Para cuando el amable lector revise esta página, un servidor estará en la playa, en observación estricta del viejo ritual mexicano de irse a remojar las pantorrillas durante vacaciones veraniegas. La playa en sí, vista objetivamente, es lugar admirable. Hay pelícanos y gaviotas, que son pajarracos que no suele ver uno por la calle. Hay un horizonte morrocotudo por el que pasan barquitos. El vaivén de las olas puede subyugar, como testimonian la mitad de las canciones de don Agustín Lara. Perder la vista en el mar mientras se bebe la consabida cerveza y dejarse envolver por el sopor que infunden la arena y la sombra de las palmeras es un placer innegable para nadie que no sea un suicida en potencia.
El problema es que no está uno solo en ese breve paraíso. A diestra y siniestra acecha el resto de la Humanidad. Niños muelones a los que no hay modo de callar y cuyos berridos alejarán cualquier rastro de sueño, ya sea porque se meten al mar y los revuelca la ola o porque no los dejan regresar a la orilla a que la ola los revuelque. Y sus padres, unos adictos al reguetón armados de poderosos mp3 con bocinas, a quienes la playa, en vez de ensueños de reposo, les provoca el comportamiento maniaco y eléctrico de unas mangostas.
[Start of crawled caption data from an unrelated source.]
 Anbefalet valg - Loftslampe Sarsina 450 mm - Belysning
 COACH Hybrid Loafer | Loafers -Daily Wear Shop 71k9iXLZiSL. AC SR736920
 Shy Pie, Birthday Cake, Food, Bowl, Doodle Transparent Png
Y además, claro, la turba adolescente a la moda que escapa a toda descripción que no lo haga terminar declarando a uno ante la Conapred.
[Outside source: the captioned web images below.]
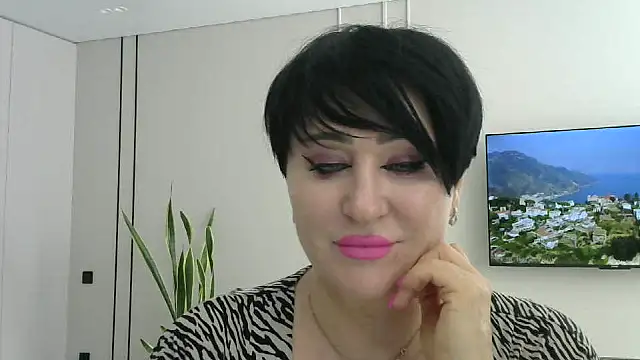 Kleotempt online show from March 18, 2026, 10:51 am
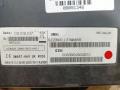 навигация BMW X5 E70 2007, 3.0 л., M57 306 D3, дизель, АКПП, внедорожник 5 дв., полный привод, правый руль, S30880 - фото №4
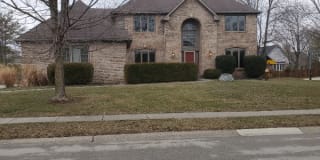14026 Pondview Dr. 14026 Pondview Dr. Photo Gallery 1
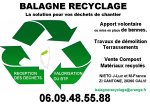 balagne-recyclage
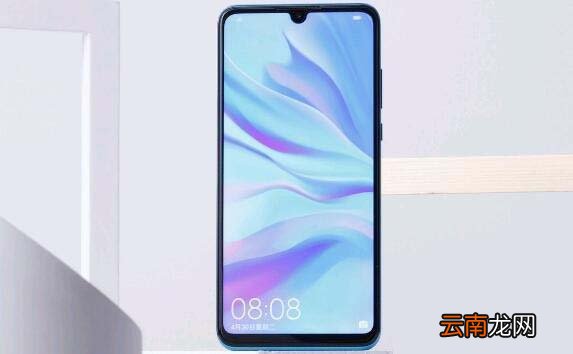 华为麦芒8对比华为nova4哪款值得入手?两者性价比区别实测介绍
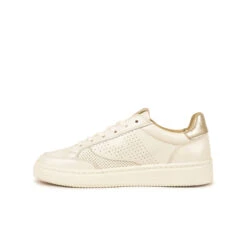 Meilleures ventes -Pataugas Chaussures Boutique BASKET FEMME BASALT NME F2H OFFWHITE DORE 3 4ee9a2ab 4368 420e 898b 80c2fa23bb1a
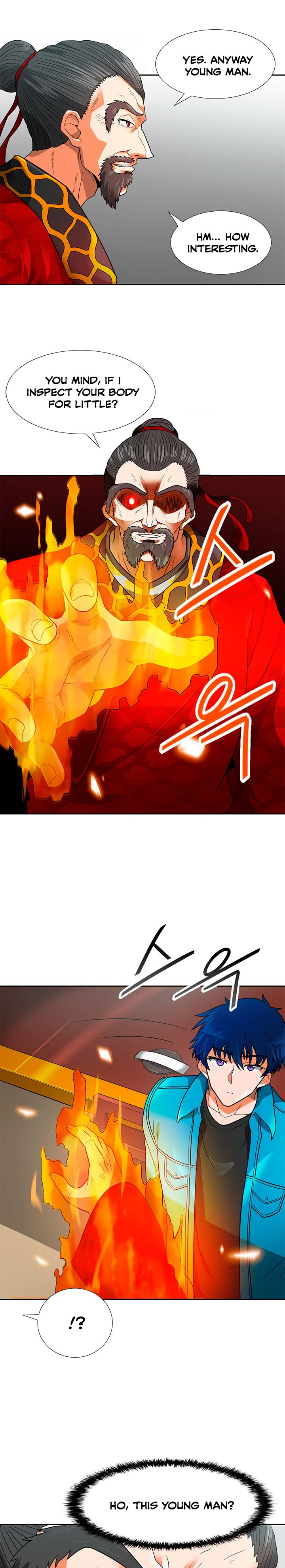 Page 20 of Chapter 52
Los horrores se acumulan y el menor de ellos no es el hecho de que los precios se disparen en estas fechas a niveles dignos de la cartera de un magnate que haya venido al país a que le den ayahuasca con pretextos espirituales y a que le tumben dos mil dólares diarios. Filetes de a 200 pesos. “Mariscadas” de a 500, que en el menú parecen apetitosas pero en la mesa son indistinguibles de un plato de sobras. Excursiones de a mil 500, en las que uno es atacado por “animadores” que se empeñan en contar chistes y cantar canciones pestíferas de la radio. En fin. Uno apechuga y se convence de que vestirse con bermudas y chancletas y rodearse de varios miles de ingenuos en galas similares lo curarán del tedio y las tensiones urbanas. Lo cual, como podría sospechar cualquier persona sensata, es un error.
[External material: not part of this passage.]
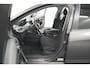Peugeot 208 PureTech 82 Signature | Trekhaak | Parkeersensoren | Apple Carplay | Navigatie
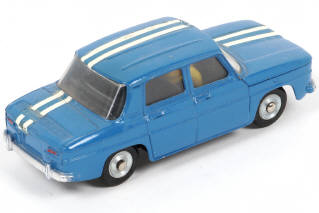 Lot 389 - DINKY TOYS (FRANCE) (1)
No: en el fondo, vamos al mar porque nuestros padres nos llevaron antes y porque a ellos los condujeron nuestros abuelos. Pagamos cantidades absurdas por visitar costas repletas y desagradables en busca de recobrar veranos infantiles imposibles. Manejamos durante horas o nos apretujamos en camiones y aeropuertos no por el mar, que es horroroso, sino por la idea del mar, ese espacio libre, limpio, vacío como el primer día de la creación, que no existe en ninguna parte más que en la memoria. Una falsa y bella memoria.